Marlies Müller erinnert sich noch gut an die Herstellung von Fitzebohnen. Auch saure Bohnen oder Salz-Schneidebohnen genannt, waren sie über Monate haltbar und dienten der Familie als Wintergemüse. Dazu schnippelte man mit einer speziellen Maschine Schneide- oder Brechbohnen in kleine Stücke. Die so in mundgerechte Stücke gefitzelten Bohnen kamen roh mit Salz in einen speziellen Tontopf – die Kruke. Bei Marlies Müller wurde eine Holzplatte mit Löchern auf den Topf gelegt, damit die Feuchtigkeit entweichen kann, und das Ganze mit einem Stein beschwert. So lagert das Gemüse im eigenen Sud, bis es mürbe oder gar ist. „Zu den Mahlzeiten kam bei uns ein Teil in den Kochtopf mit Speck und Kartoffeln“, erzählt die Bremerin. Die Bohnen schmeckten natürlich salzig. „Mein Lieblingsessen war das nicht“, gibt Marlies Müller zu. Aber frühere Generationen waren wohl auch nicht so anspruchsvoll.
Was früher eine Notwendigkeit und eine gängige Konservierungsmethode war, ist nun wieder im Kommen, sagen Experten. Ob Bohnen, Möhren oder Kohl: Feste Gemüsesorten eignen sich zum Fermentieren, wie das Einlegen in Salzlake im Fachjargon heißt. Die saure Note entsteht beim natürlich auftretenden Gärungsprozess mittels freundlicher Milchsäurebakterien. Die Zutaten müssen frisch und einwandfrei sein. Wer keine Kruke hat, nimmt Schnappgläser, Flaschen oder Einmachgläser mit Einkochring und Deckel. Küchengeräte aus Kunststoff oder Metall sind nicht geeignet, da das Fermentiergut mit dem Material reagieren kann.

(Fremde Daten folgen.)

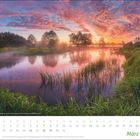 Kalender: März. Markierte Tage: 8., 20., 26.-29. Flusslandschaft bei Sonnenaufgang mit buntem Himmel und grüner Vegetation.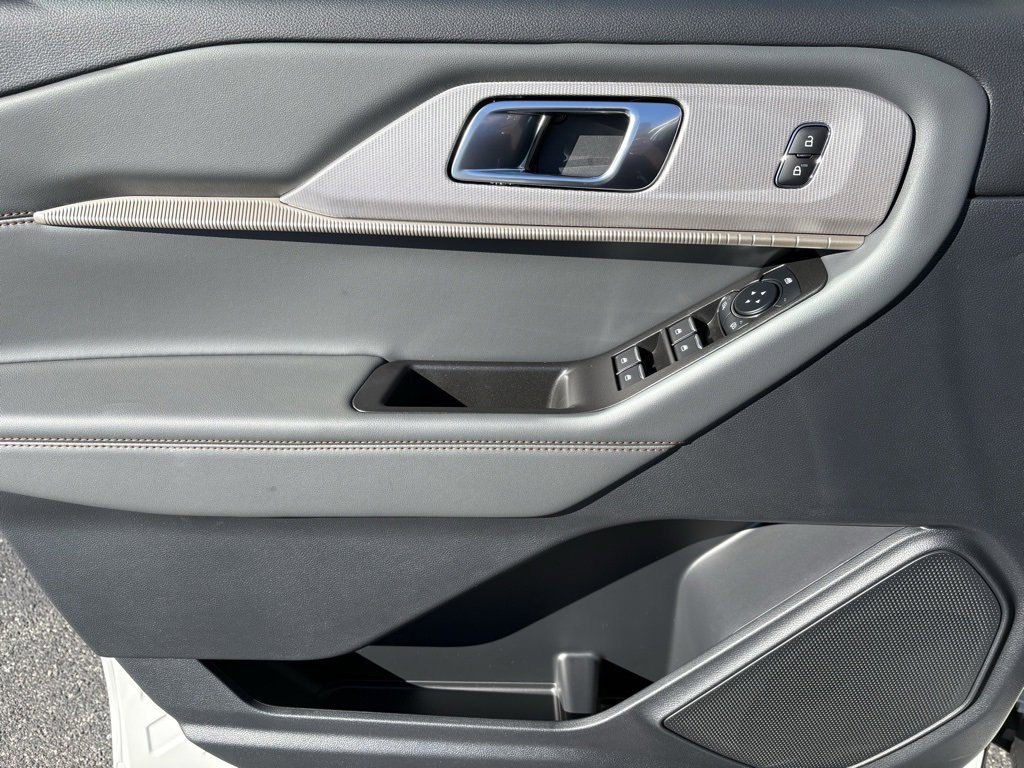 New 2026 Ford Explorer Active image 21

Vier Wochen bleibt etwa eingelegter Kohl im Gefäß luftdicht verschlossen. In dieser Zeit wird die Struktur des Gemüses durch die Milchsäurebakterien im positiven Sinne zerstört. Der eigene Saft tritt aus und vermengt sich mit dem Salz. „In der so entstandenen Salzlake müssen die Gemüsestücke vollständig bedeckt liegen“, erläutert Christoph Hauser, Küchenchef und Inhaber des Restaurants Herz & Niere in Berlin. Auch, wenn es nicht jedem schmeckt: Fermentierte Lebensmittel sind einfach verdaulich und gut für die Darmflora und das Immunsystem. Sie enthalten Vitamine, Nährstoffe und nützliche, also probiotische Bakterien.
Fermentieren lassen sich alle Kohlsorten, aber auch Rüben, Rettich, Rote Bete oder Wurzelgemüse wie Sellerie. Sogar Obst funktioniert, sofern es nicht unreif oder zu reif ist. Der erforderliche Salz- und Wasseranteil ist indes je nach Gemüse oder Obst unterschiedlich. Wer auf Nummer sicher gehen will, greift auf ein Rezept zurück. Oder fragt die Großmutter.